*Description of the task*. Using the entries that follow, transcribe only the lines from the line with "Funny Cats Sublimation" to the line with "Save Your Vision Month Theme Design", both included, exactly as they stand and without pictures.

*Recorded information*.
+---+
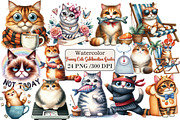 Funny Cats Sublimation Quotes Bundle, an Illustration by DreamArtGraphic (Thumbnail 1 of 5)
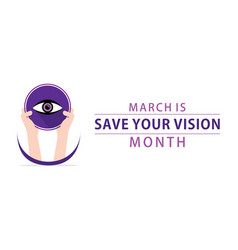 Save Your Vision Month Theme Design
+---+
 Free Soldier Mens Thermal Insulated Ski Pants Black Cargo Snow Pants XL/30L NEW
+---+
*Solution to this exercise*.
 Funny Cats Sublimation Quotes Bundle, an Illustration by DreamArtGraphic (Thumbnail 1 of 5)
 Save Your Vision Month Theme Design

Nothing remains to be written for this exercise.